Guerra contra los civiles en Siria

Por Pablo Molina 

Bandera de Siria con una mano teñida de rojo estampada.
"Las fuerzas de Asad fueron responsables directas del 73% de las muertes de civiles registradas en 2015"

La Red Siria para los Derechos Humanos (SNHR por sus siglas en inglés) es una organización humanitaria que se encarga de investigar y documentar las violaciones a los derechos humanos  cometidas por los distintos grupos involucrados en la guerra siria. El más reciente documento hecho público por esta ONG recoge el recuento específico de los hechos susceptibles de ser considerados crímenes de guerra correspondiente al año 2015. Como vamos a ver a continuación, las fuerzas del dictador Asad son, de lejos, las más sanguinarias.

A efectos de este estudio, el bando progubernamental está integrado por las fuerzas de seguridad y el Ejército sirios, así como por las milicias locales y extranjeras (Hezbolá y tropas iraníes) que defienden a Asad. Todos estos grupos fueron responsables, según la SNHR, de 15.748 muertes. Una abrumadora mayoría de las víctimas del régimen de Damasco fueron civiles: 12.044, de los que 2.600 eran menores de edad. Esto implica que las fuerzas de Asad fueron responsables directas del 73% de las muertes de civiles registradas en 2015.

El Estado Islámico es el segundo en este ranking de letalidad. La SNHR le atribuye la muerte de 1.366 civiles, 149 de ellos menores de edad.

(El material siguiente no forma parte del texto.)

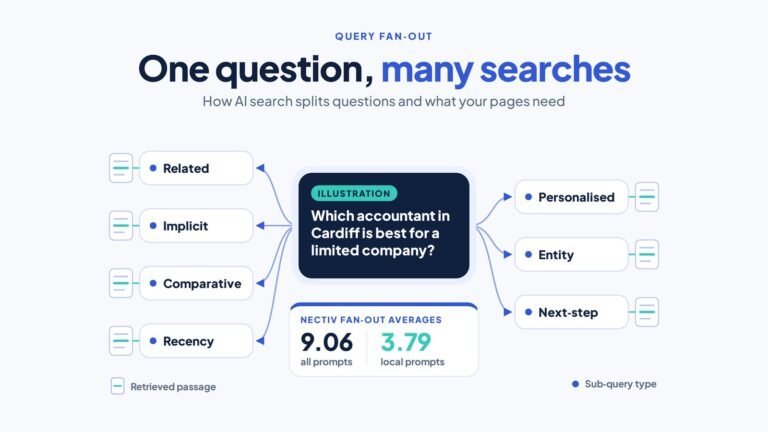 Query Fan-Out: How AI Search Splits One Question Into Many, and What to Build 4 Illustrative Cardiff accountant question branching into seven sub-query types, beside Nectiv averages of 9.06 and 3.79 queries per prompt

Los grupos armados de la oposición acabaron con la vida de otros 1.072 civiles (258 menores); las fuerzas rusas presentes en el país para sostener a Asad mataron a 832 civiles (199), y las de la coalición internacional a 271 (87).

El estudio de la SNHR pone de manifiesto una circunstancia muy llamativa que tiene que ver con la implicación de Moscú en el conflicto. En diciembre, la aviación rusa intensificó sustancialmente sus operaciones sobre núcleos de población, lo que explica que en el último mes de 2015 casi cuatro de cada diez civiles muertos en tales ataques fueran mujeres y niños.

Los datos recogidos por la SNRH demuestran que, en contra de las afirmaciones de la dictadura baazista, que dice estar actuando únicamente contra grupos terroristas, el 90% de las acciones militares de las fuerzas de Asad y sus aliados (Rusia y las distintas milicias chiíes) están dirigidas contra objetivos civiles. Estos ataques premeditados constituirían una violación de las leyes internacionales relacionadas con los derechos humanos, por lo que sus responsables, según la SNHR, deberían ser llevados ante el Tribunal Penal Internacional.